Yime Nsokyi stared at the thing in the middle of the great dark sphere. It had given up representing pan-human sexual organs to become a little black scintillating mote, then nothing, then she seemed to be flung backwards from it, trailing her strings rippling behind her, flying through intervening walls and structure as though they weren’t there, her clothes flapping madly in the howling gale of her backward-rushing regress, her strings, whipped to destruction, suddenly snapping off in the maniacal slipstream as she was missiled back towards her cabin. The wind noise rose to a shriek, her clothes were torn off her body as though she’d been caught in a terrible explosion and she plunged naked and howling into her bed in a great burst of ripped fabric and slowly spouting, wildly frothing water.
Yime came to in what felt like a struggle with reality itself, writhing and choking in the midst of the slowly descending waters. She was still wearing the sodden night-dress, though it was bunched up round her armpits. The huge room was lit by something strobing white and pink. She coughed, rolled across the punctured bed through the remaining pools of water and hauled herself over the raised edge, looking for the drone.

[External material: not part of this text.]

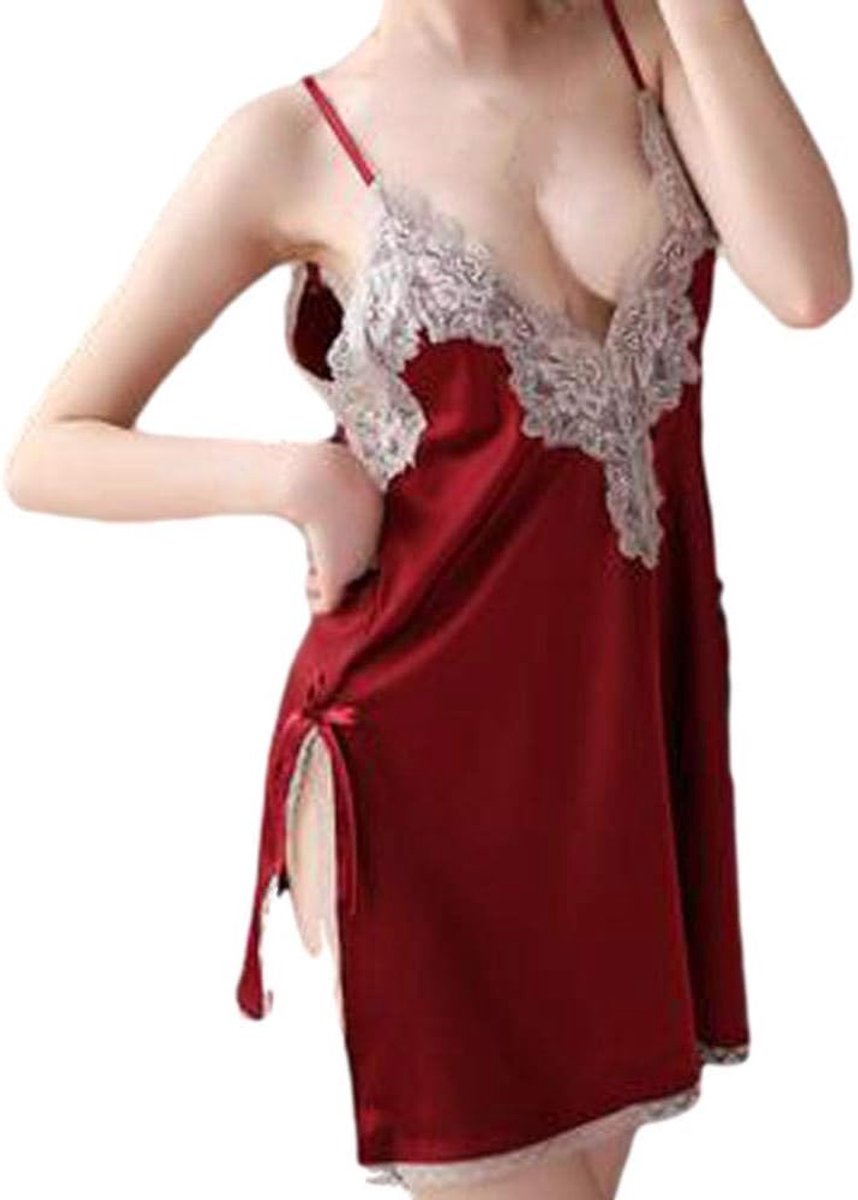 Nachtkleding kant lingerie sexy jurk met string voor damesVrouwen Erotische Lingerie Sexy Perspectief Pyjama Verleidelijk Satijn Zijden Nachthemd Jurk Voor Sex Nacht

The drone lay on its back, spinning on the floor. That didn’t look good, she thought, as she fell out of the bed.
“I think we need-” she began.
A bolt of violet lightning speared down from the ceiling, crashing into the drone and puncturing it, blowing a fine yellow white mist towards her; the mist was incandescent, the sparks within it setting fire to whatever they touched. The drone had been holed straight through and split almost in half by the blast. Spatterings from the mist of molten metals hit her legs, burning a dozen tiny holes in her skin. She screamed, rolled away across the damp floor. She felt her pain-management system cut in, slicing off the red-hot-needle sensations.
A knife missile bounced out of the front part of the drone’s fractured casing. It flew towards her. She thought she heard it start to say something, then it too was bludgeoned by a violet bolt from above, blasting it apart. A white-hot fragment tore past her cheek, another tugged at the night-dress where it had part fallen back across her chest. Smoke and flames seemed to be all around her. She flattened, started to crawl away as fast as she could.
There was the whip-crack of a supersonic boom, making her ears close up. Suddenly a knife missile was there, a metre in front of her. It flicked upright so that its shimmering point-field was aimed straight at the ceiling; another violet lightning bolt slammed down, hammering the knife missile’s blunt end halfway into the floor.
“CROUCH! CROUCH NOW! CROUCH POSITION! CROUCH POSITION!” the missile bellowed at her before a second bolt blew it apart and something smacked her hard in the side of the head.
She had jumped half-up and was already crouched in the Emergency Displace posture – ankles together, knees together, bum on heels, arms wrapped round her legs, head sideway to her knees – by the time the drone got to the first “POSITION”.
Cerise fire filled the air all around and a terrific thunderclap slapped across her, trying to force the air out of her lungs. For an instant everything went utterly quiet and dark. Then suddenly she was squeezed, compressed to the point where she could feel her bones start to bend, hear her spine creak and knew that if she hadn’t been under the pain-control regime she’d be screaming in agony.